Cremation pit, Baltinglass, Co. Wicklow
Co. Wicklow |
Burial Sites
In a field beside a former convent on the western edge of Baltinglass, archaeologists planning for a new roadway and car park found something considerably older than either: a small pit, less than a metre across, containing the burnt remains of at least two people who had been cremated sometime between 1118 and 916 BC.
The discovery was made during excavation work in December 2018, when what had been greenfield ground was stripped back by hand to reveal a cluster of features that nobody had known was there.

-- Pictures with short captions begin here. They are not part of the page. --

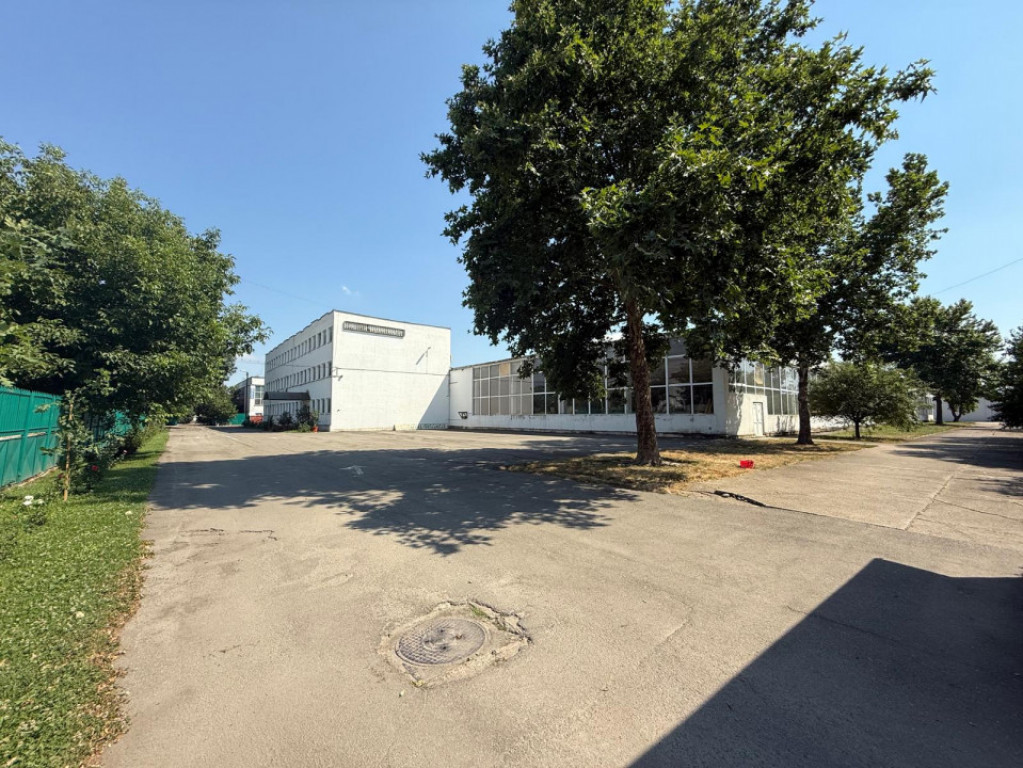 Complex industrial multifuncțional – Târgu Jiu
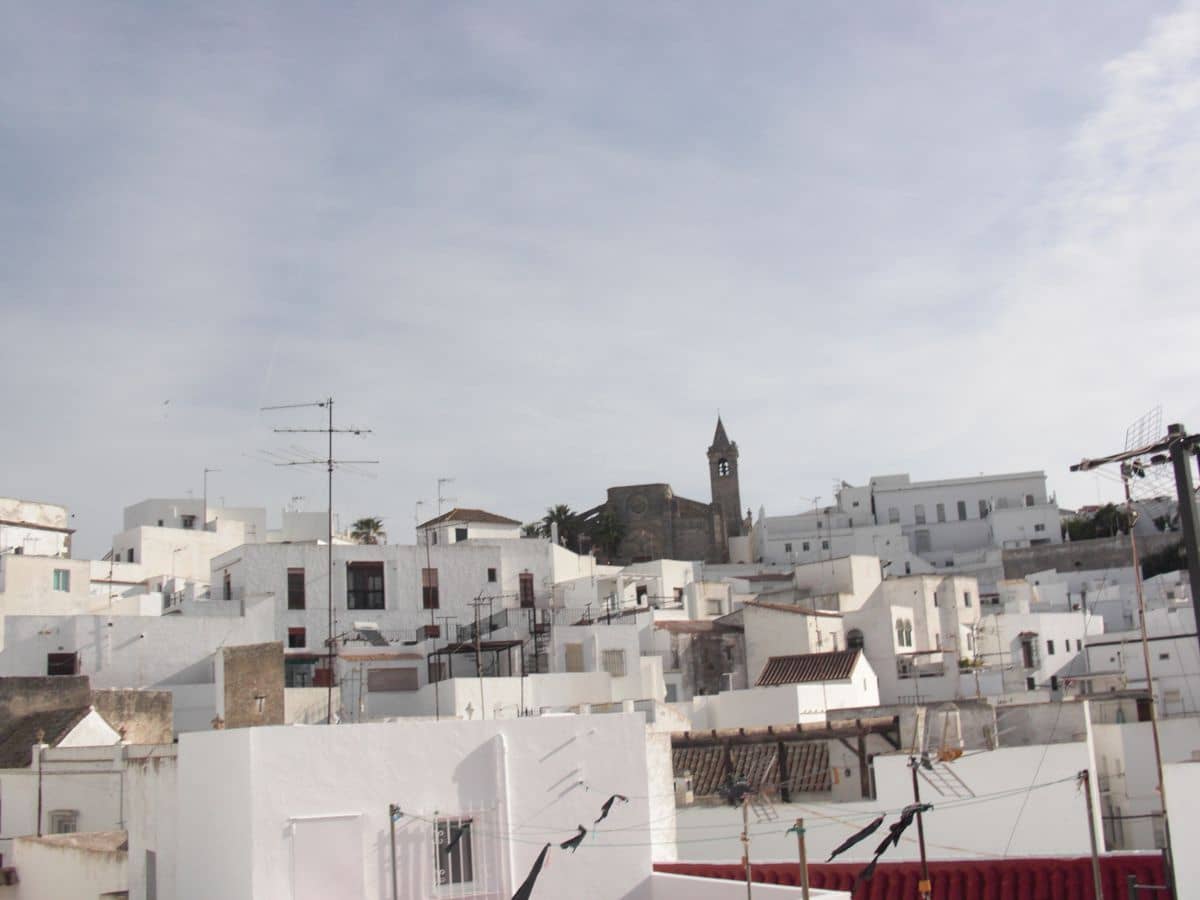 Casa de 2 habitaciones en Vejer de la Frontera en venta - 190.000 € (Ref: 8207576)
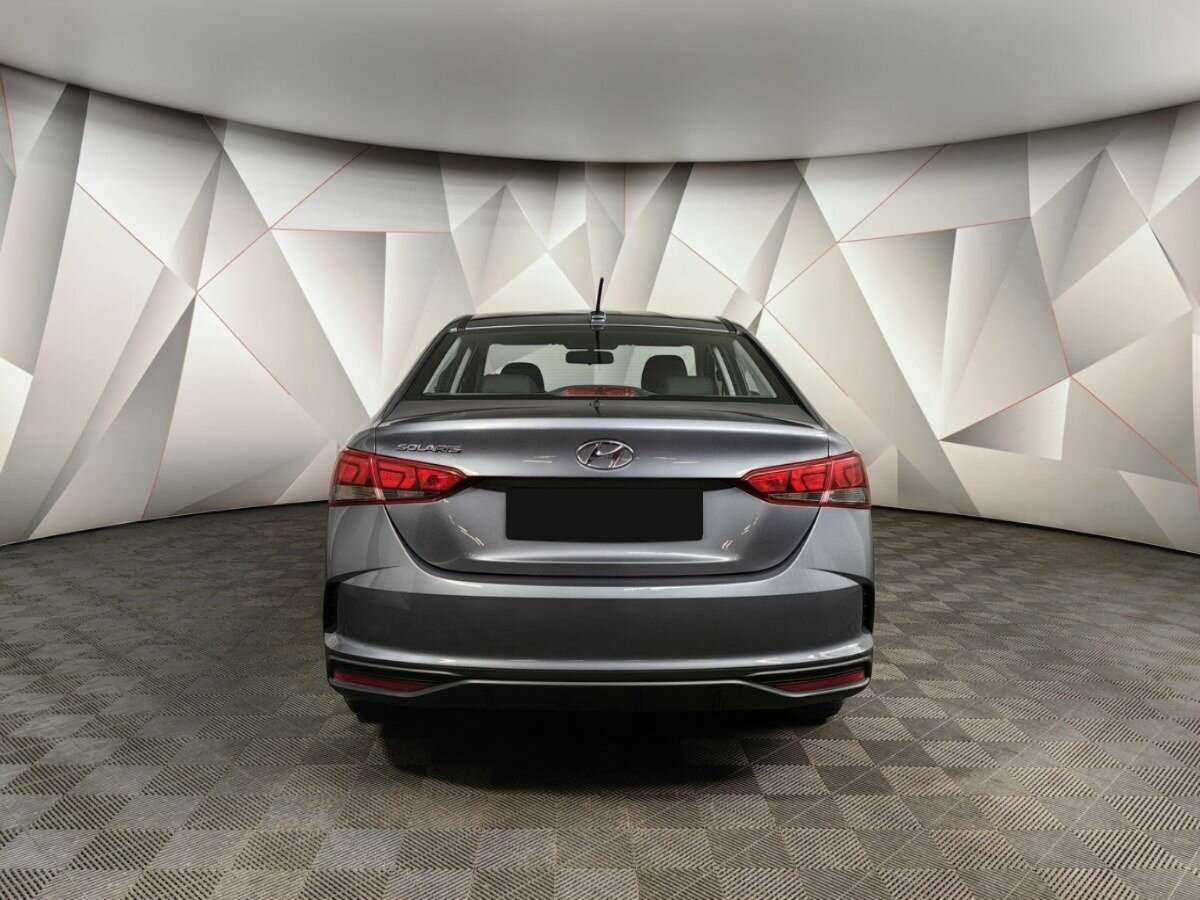 Hyundai Solaris, 2022 Фото №8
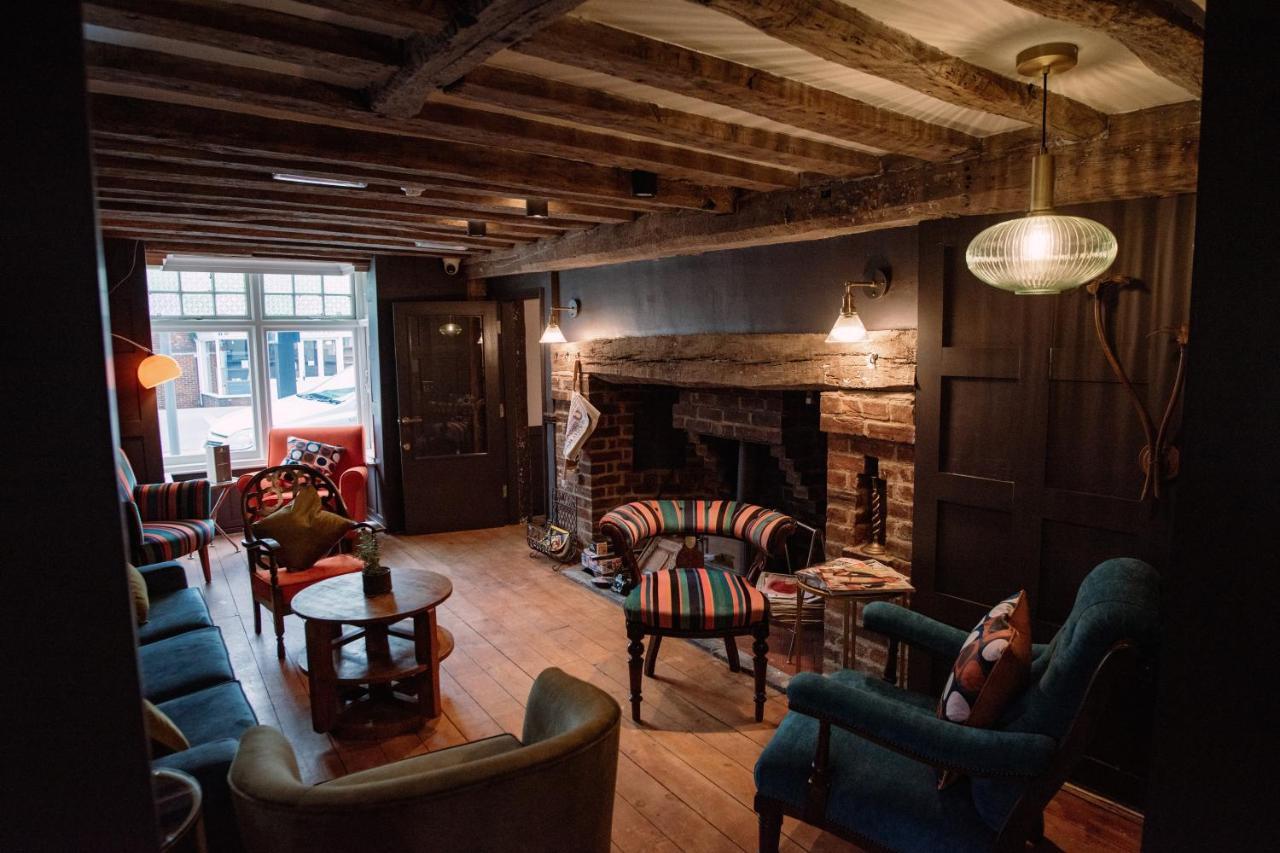 The Print House Inn Тентерден Екстер'єр фото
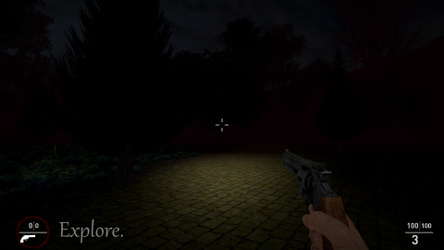 Lone Leader screenshot 1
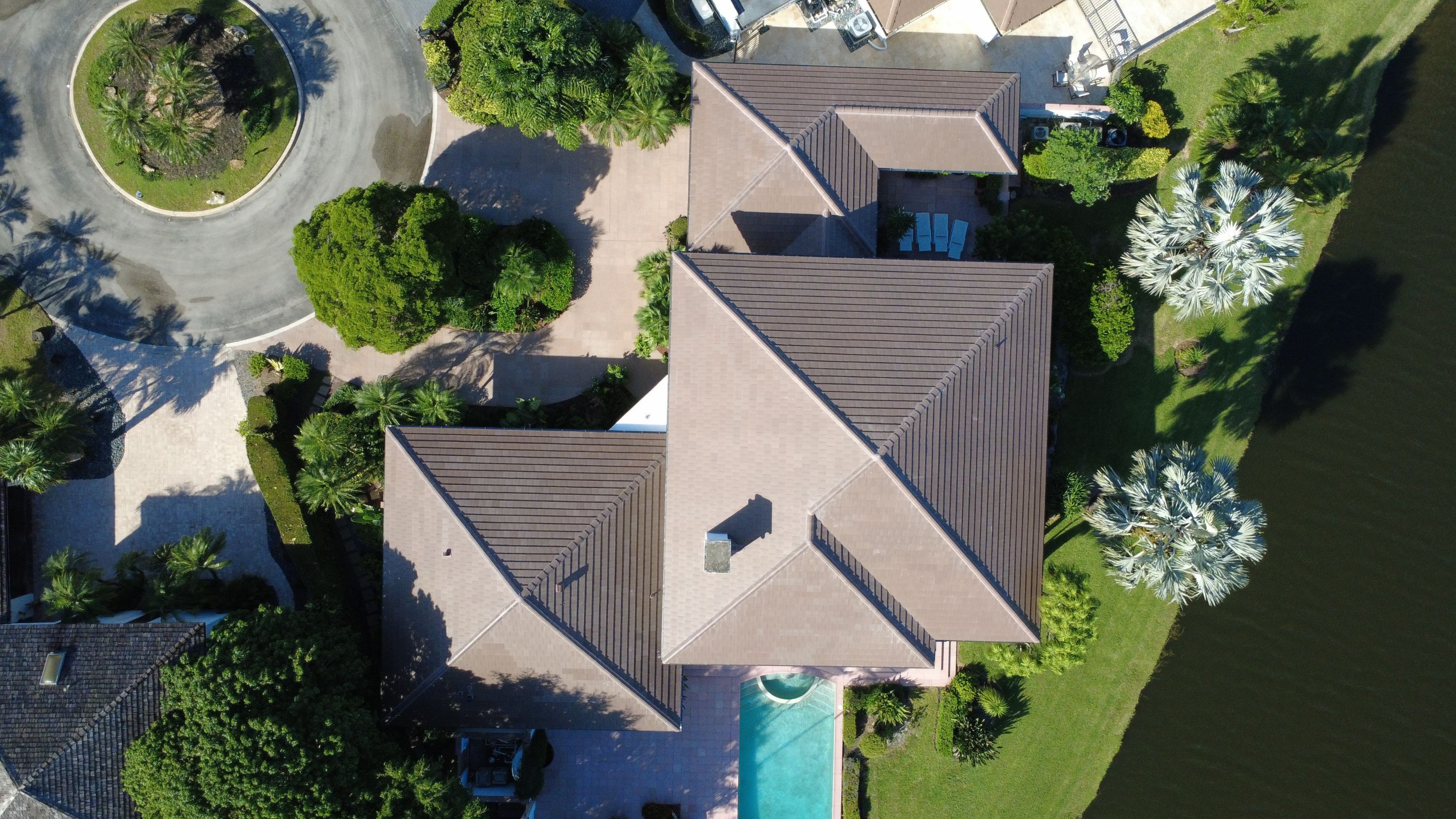 Residential Roofing Installation using Westlake Roofing Tile by BLUES BROTHERS ROOFING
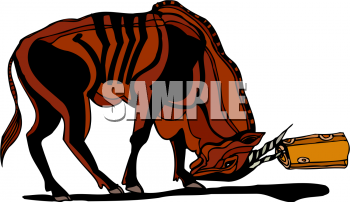 Antelope Clipart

The pit itself, designated C6, measured 0.76 metres by 0.60 metres and was only 0.18 metres deep, shallow enough that it might easily have been lost to any more cursory investigation. What made it legible as archaeology was its layering. The lowest fill had accumulated through natural silting, suggesting the pit was left open for a period after it was first dug. Above that lay the material that gave the site its significance: pyre debris mixed with cremated bone. Osteological analysis, the examination of burnt skeletal remains, identified at least one adult and possibly one juvenile among the deposits. Charcoal recovered from the same layer was identified as alder and oak, the fuels used to build the pyre, and radiocarbon dating placed the event firmly in the Late Bronze Age. The pit was part of a small grouping of features, including two postholes connected by a slot, all of which had been sealed at some point under large flat stones. Archaeologist Yvonne Whitty, who led the excavation under licence, noted that the proximity of these features and their shared capping suggested they belonged to the same episode of activity. The site falls within the constraint area for Baltinglass Historic Town, a designation that requires archaeological assessment before development proceeds, which is precisely why the pit came to light at all.